Derrière ses airs de dandy se cache un bourreau de travail. « Je m’arrange pour travailler le plus possible. J’ai été endoctriné », analyse Marcelino Truong. Son goût pour l’effort lui vient de ses racines. Du côté vietnamien, il hérite « d’un milieu industrieux », celui de son arrière-grand-père, orfèvre. « Quand on est artisan, on ne peut pas être paresseux », confie-t-il. Du côté français, c’est l’influence de ses grands-parents, enfants de la classe paysanne, qui a œuvré. Sa grand-mère, institutrice à Saint-Malo, incarnait « cette France de Doisneau. Le travail était son souci. »

« Lorsque l’on est artiste, la fainéantise nous est interdite. En même temps, notre travail nous passionne. Il faut travailler avec le serieux d’un enfant qui joue. » Le grand pédiatre et psychanalyste Winnicott n’aurait pas mieux dit.

Sa mère était bipolaire. Il se confie sur le sujet dans son dernier ouvrage Si loin dans le bleu. Il raconte s’être beaucoup occupé de ses trois enfants qui ont à présent 34, 32 et 28 ans. Aujourd’hui aux côtés de son épouse, Clémence, victime d’une rupture d’anévrisme et qui en conserve de lourdes séquelles, il veille. D’où vient ce soin accordé aux autres ? « J’ai très vite été exposé à une obligation de me débrouiller. Ma famille vietnamienne me disait toujours d’être prévenant, d’aller au-devant du désir de mes parents. Au Vietnam, tu nais, tu prends ta place dans le groupe. Le Moi est haïssable. Il faut de la mesure et écouter les maîtres. »
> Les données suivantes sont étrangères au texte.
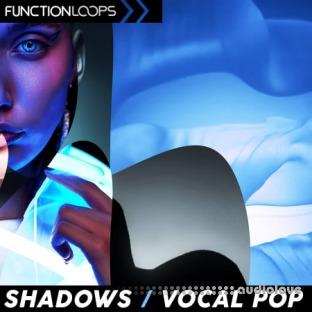 Function Loops Shadows - Vocal Pop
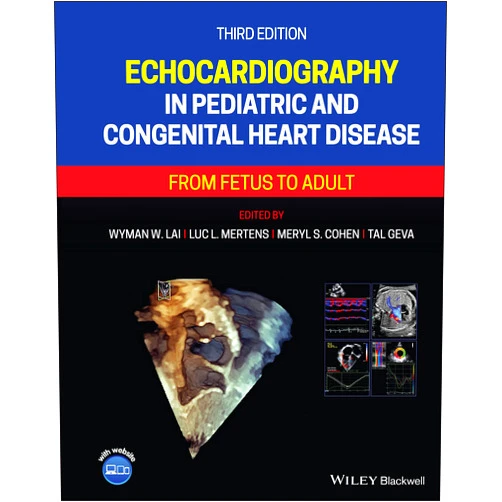 Wyman W. Lai,Luc L. Mertens,Meryl S. Cohen,Tal Geva Echocardiography in Pediatric and Congenital Heart Disease: From Fetus to Adult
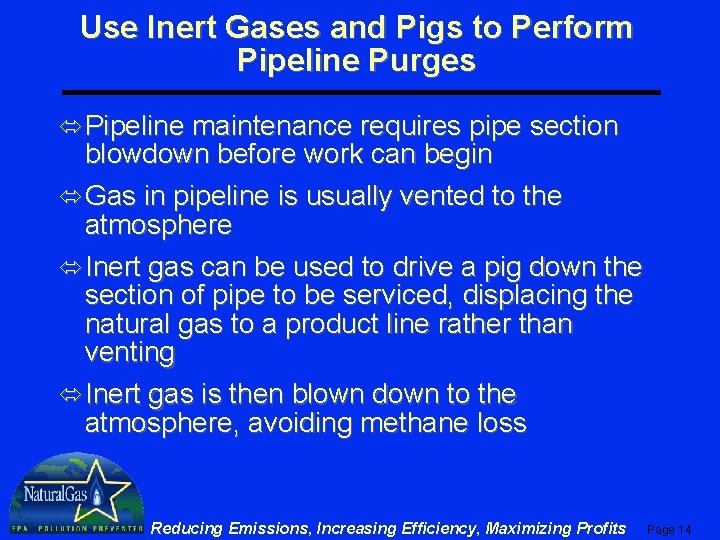 Use Inert Gases and Pigs to Perform Pipeline Purges ó Pipeline maintenance requires pipe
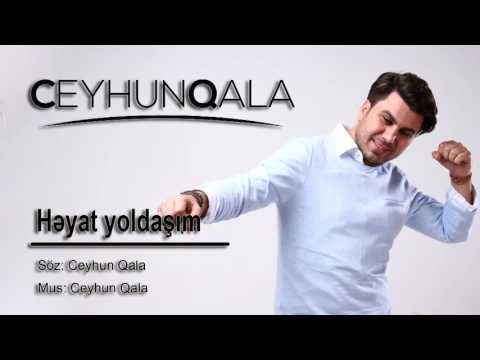 Ceyhun Qala — Həyat Yoldaşım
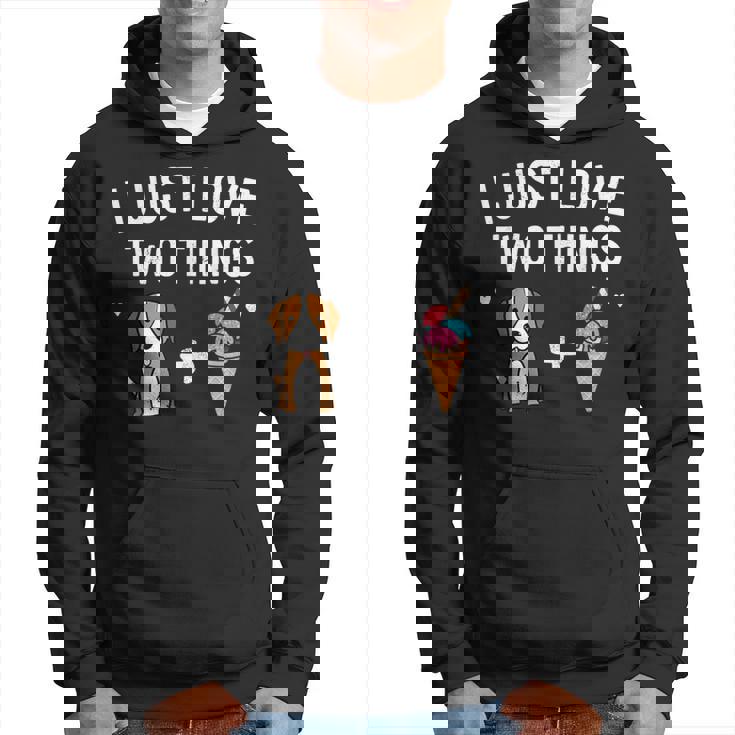 I Just Love Two Things Beagle And Ice Cream Dog Lover Hoodie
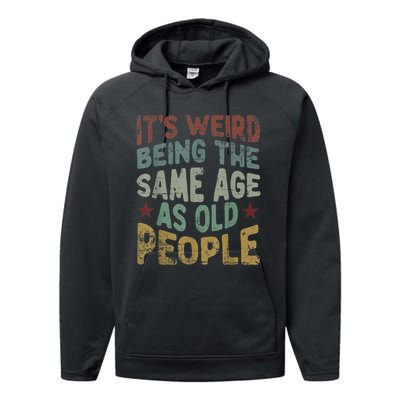 Older People It's Weird Being The Same Age As Old People Performance Fleece Hoodie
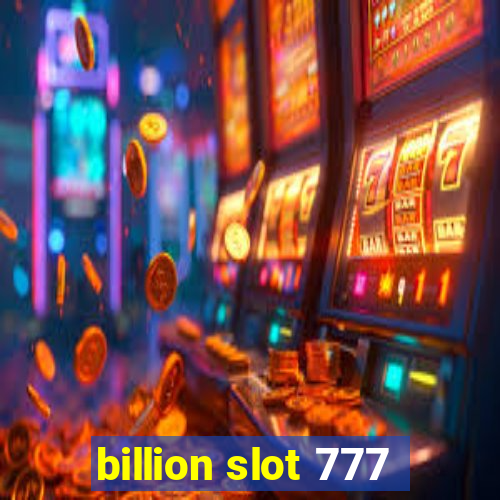 billion slot 777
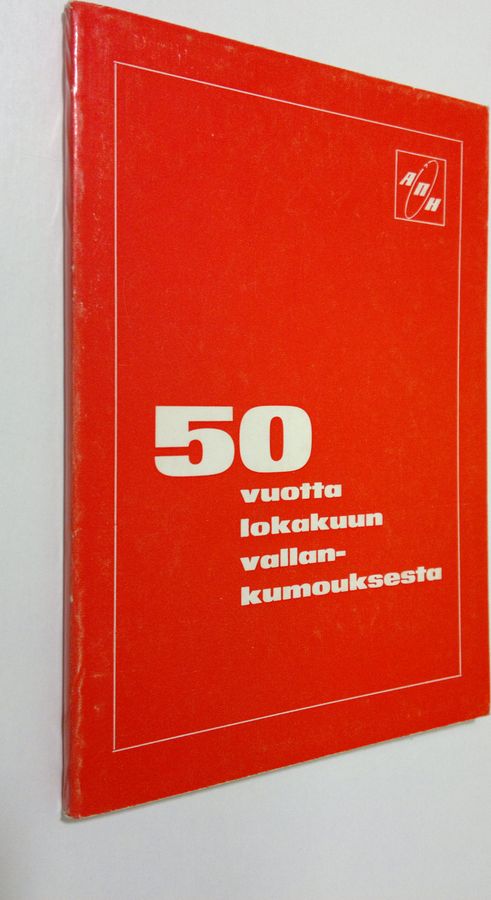 50 vuotta lokakuun vallankumouksesta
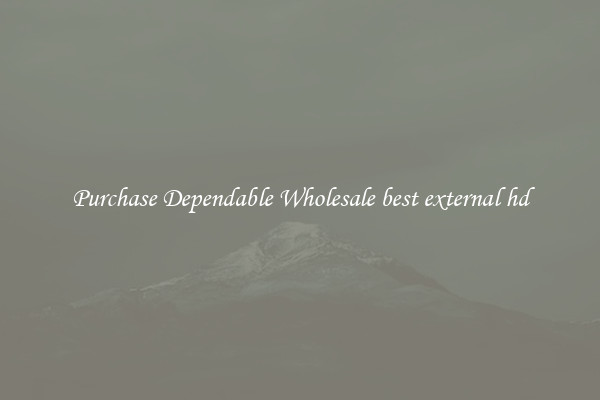 Purchase Dependable Wholesale best external hd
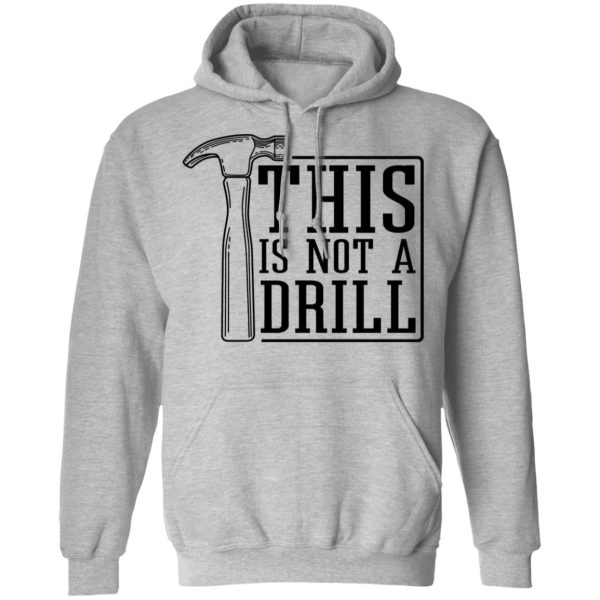 This Is Not A Drill T-Shirts, Hoodies, Sweater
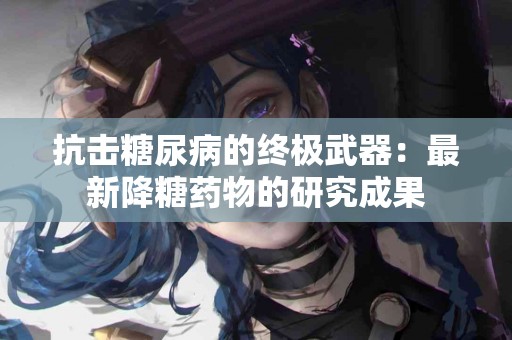 抗击糖尿病的终极武器：最新降糖药物的研究成果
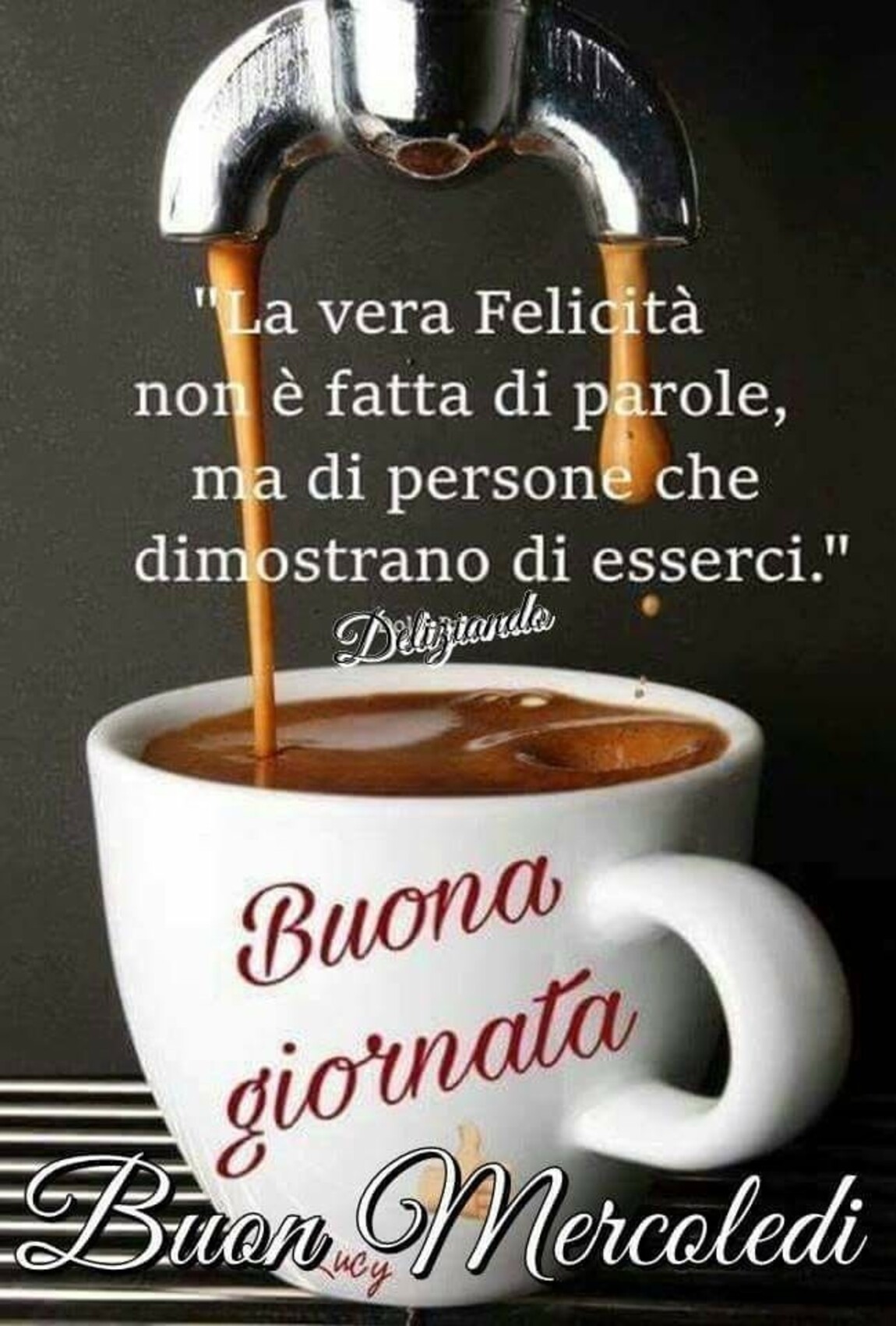 "La vera felicità non è fatta di parole, ma di persone che dimostrano di esserci" Buona Giornata e Buon Mercoledì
Marcelino, du nom d’une rue de Manille où il est né, est officiellement à la retraite depuis début octobre 2024. Cela ne saute pas aux yeux. Le prochain projet est un livre « en noir », en prose, sans dessin, dans lequel il a prévu de raconter ses ancêtres du Vietnam, en se mettant à la place de son père. Il n’en fallait pas moins pour clore cette rencontre.